I want a longest increasing subsequence for points in 2D coordinates

that is, 2 points A(x1,y1) at index i in array , B(x2,y2) at index j in array can be a part of increasing sequence if (x1<=x2) && (y1 <=y2) && !(x1==x2 && y1==y2) && (j>i)

my code is as below which is O(N^2) using standard DP :-

#include <vector>
#include <iostream>
#include <algorithm>


using namespace std;


struct Pair
{
    int x;
    int y;
};



int main()
{

    int n;
    cin>>n;

    vector<Pair> arr;
    int L[1000000];

    Pair a;

    int i;int Maxchain=0;
    for(i=0;i<n;i++)
    {

        cin>>a.x>>a.y;
        arr.push_back(a);

        L[i]=0;
        for (int j = i-1; j >=0; j--)
        {

            if ((L[j]>(Maxchain-1))&&(L[j]>=L[i])&&(arr[j].x <= arr[i].x) && (arr[j].y <= arr[i].y) && !(arr[j].x == arr[i].x && arr[j].y == arr[i].y))
                L[i] = L[j]+1;


        }

                Maxchain = L[i]>Maxchain ?L[i]:Maxchain ;

    }
    cout<<Maxchain;

    return 0;
}

This is an O(N^2) solution can it be further reduced or any alogrithm for this to solve in O(NlogN) or O(Nlog^2N) ?

for reference found something here:

Longest Increasing Subsequence (LIS) with two numbers

The second answer is more appropriate for my case but how can we implement that?

Need a Better answer or algorithm.

Answer 1

I'll assume that both coordinates are in the [0..N-1] range (if it's not the case, we can "compress" them without changing their ordering relation).
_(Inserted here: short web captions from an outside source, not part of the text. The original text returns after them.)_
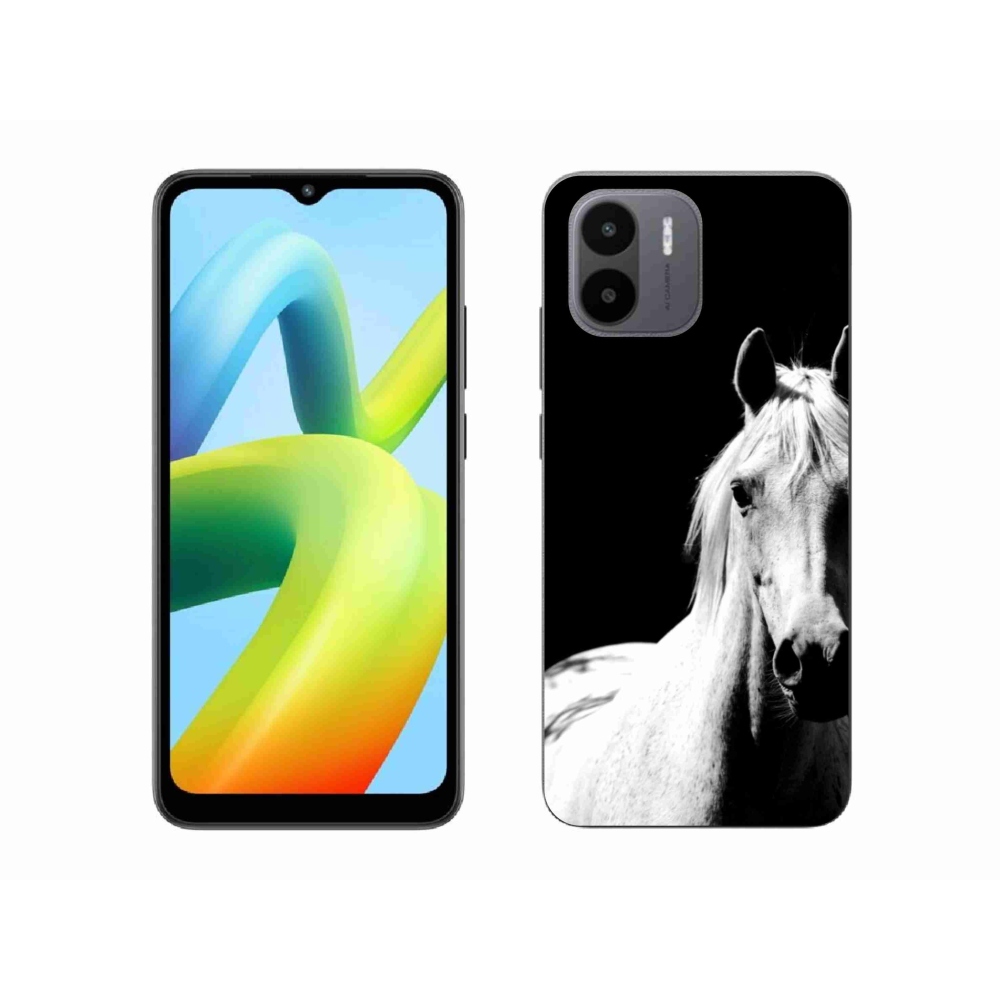 Gél borítás mmCase a Xiaomi Redmi A1 4G-hez - fehér ló 5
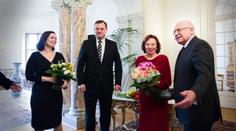 Slavnostní oběd: Prezident si pozval Nečase i jeho paní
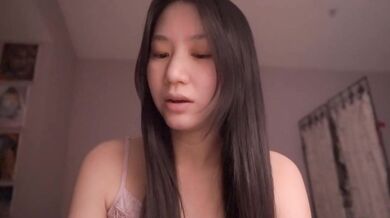 Cute Asian girl ASMR whispers scripture and strokes your soul raw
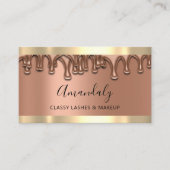 プロフェッショナルメイクアップアーティスト銅バラ点滴 名刺 (正面)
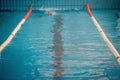 Start and lane of swimming pool Royalty Free Stock Photo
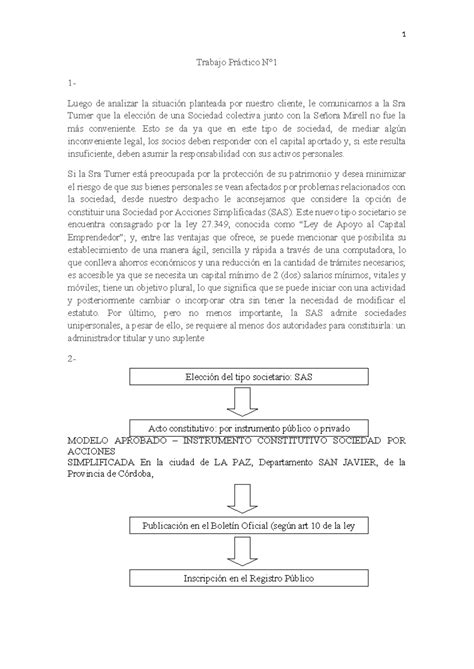 Tp Personas Juridicas Trabajo Pr Ctico N Luego De Analizar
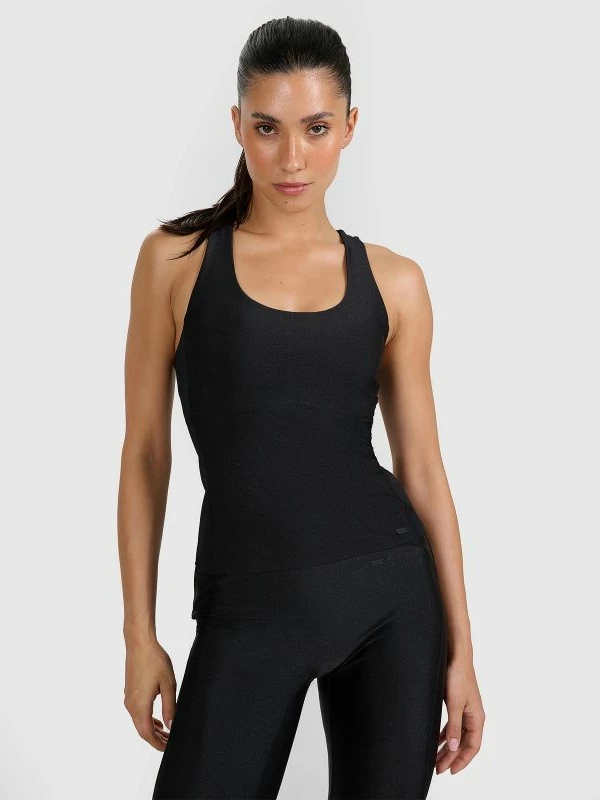 Maicë sportive për femra 4F, e zezë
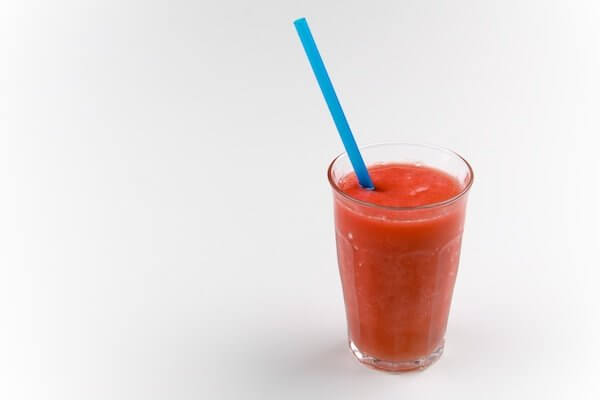 Frozen strawberry daiquiri from the Vitamix
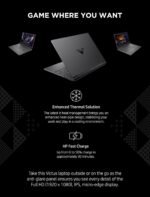 HP Victus 15 Gaming Laptop, NVIDIA GeForce RTX 3050, 12th Gen Intel Core i5-12500H, 8 GB RAM, 512 GB SSD, Full HD Display, Windows 11 Home, Backlit Keyboard, Enhanced Thermals (15-fa0025nr, 2022) - Image 4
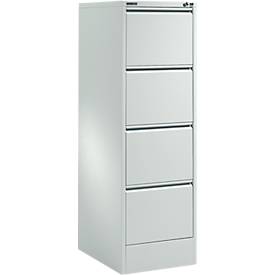 Schäfer Shop Select Hangmappenkast MS iCONOMY, staal, 1 rij, gesloten wanden B 425 mm, lichtgrijs (RAL 7035)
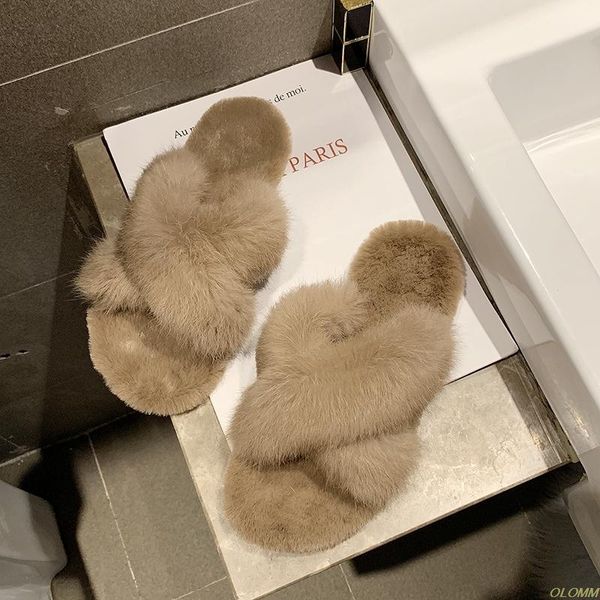 soft fur slippers women cross band black furry flat sandals 2021 winter long plush slides female pantufa terlik
soft fur slippers women cross band black furry flat sandals 2021 winter long plush slides female pantufa terlik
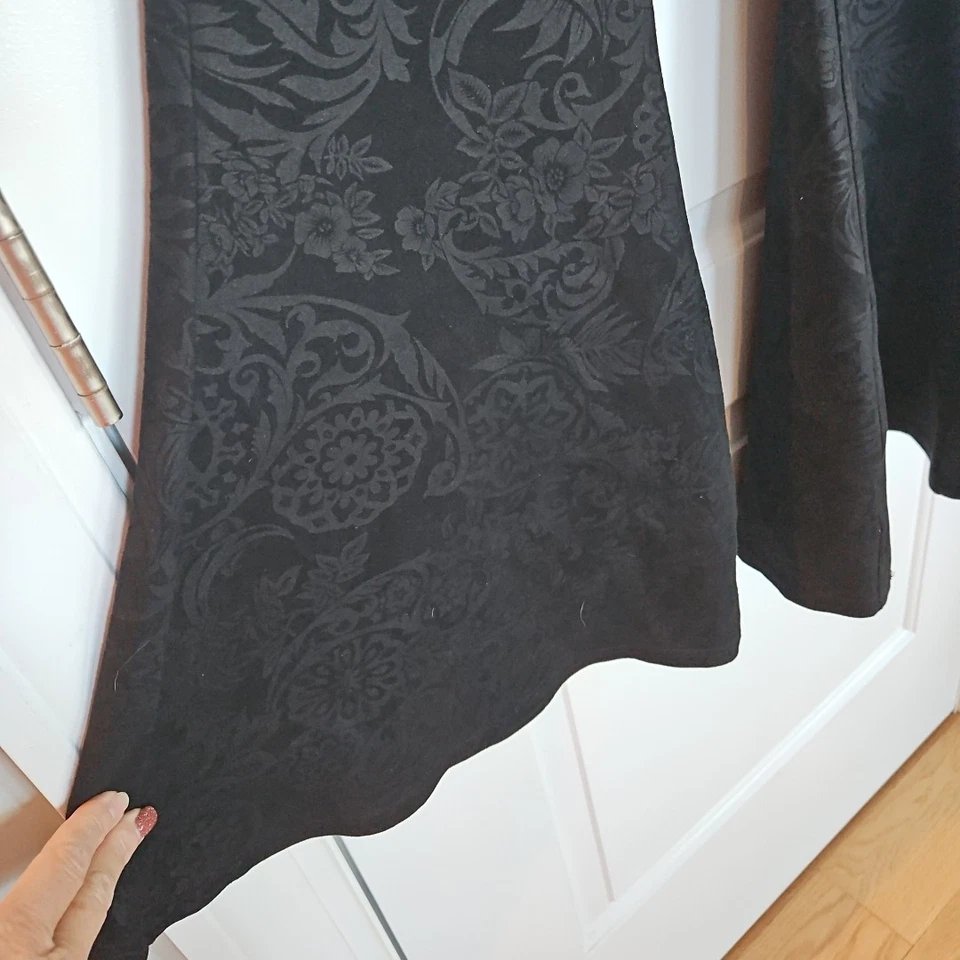 Killstar Black 'Velvet' Stretch Flared Bell Bottoms Pants Size XL Goth Burnout - Image 3 of 4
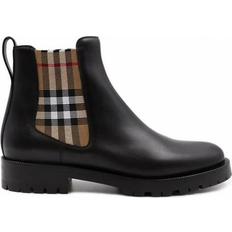 Burberry Vintage Check Chelsea Boots - Black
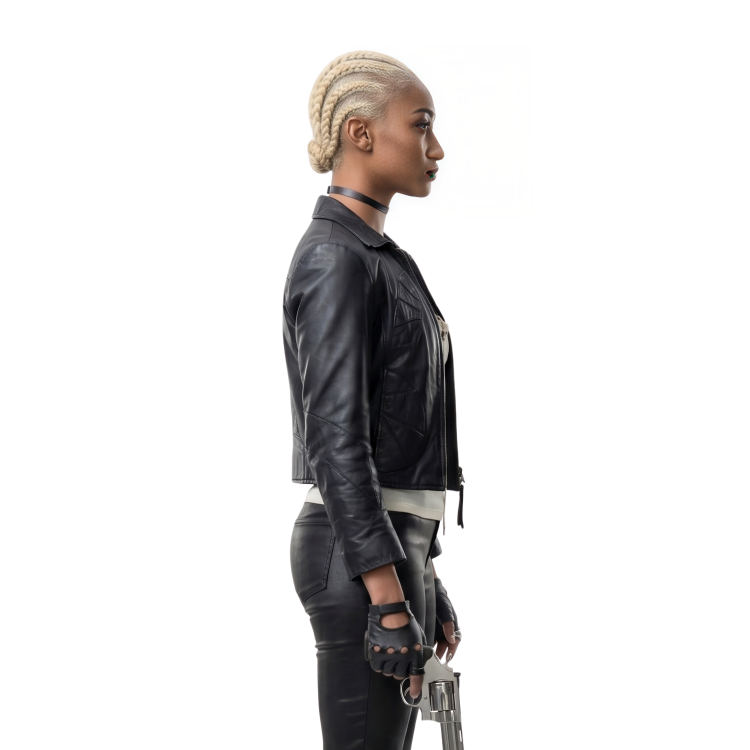 Buy The Tati Gabrielle Chilling Adventures of Sabrina Black Jacket Now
Let's take a closer look at a standard dynamic programming solution. Let f[i] be the length of the longest increasing subsequence that ends in the i-th position. A simple (but slow) way to compute it is too iterate over all previous elements and choose the optimal one. What we want to find is the max f[j] for all such j that p[j].x <= p[i].x and p[j].y <= p[j].y. It looks like some kind of a 2-D query in a rectangle (I know that there is another condition that p[j] != p[i], but we can work around it by querying two rectangles (p[i].x - 1, p[i].y) and (p[i].x, p[i].y - 1).).

So we need a data structure that supports two operations: adding a point with a specific value and getting the maximum value in a rectangle. A segment tree by x-coordinate that stores a balanced binary search tree by y-coordinate for all points in its range can do it in O(log^2 N) per query. Every query range is decomposed into at most O(log N) nodes in the tree. If it's an insertion query, we need to insert the current point (p[i].x, p[i].y) with a value f[i] into the binary search trees for each of these nodes. If it's a get maximum query, we need to get a maximum for some prefix of each of these trees. Either way, we perform an O(log N) operation for O(log N) binary search trees per query. Thus, the total time complexity is (N * log^2 N). The space complexity is O(N log N) as there are O(log N) levels in the tree and each point can occur somewhere at most once per level.

This solution already satisfies your requirements, but it looks pretty hard to code. We can slightly simplify it. We can do two "runs": during the first run, we just store the queries that go into each node of the segment tree (we don't store any extra information so far). Now we can keep a vector of all numbers that ever occur in the node and a binary index tree of the same length to keep track of a minimum for each prefix and get it efficiently (the big picture: we used the fact that we know all the queries beforehand so we can use a combination of a sorted vector and binary index tree instead of a binary search). The time and space complexity analysis is the same as above.

A short recap: we used a data structure that supports a maximum query in a rectangle and insertions of new points efficiently to speed up finding the best j for a fixed i in an O(N^2) dynamic programming solution to solve it in O(N log^2 N).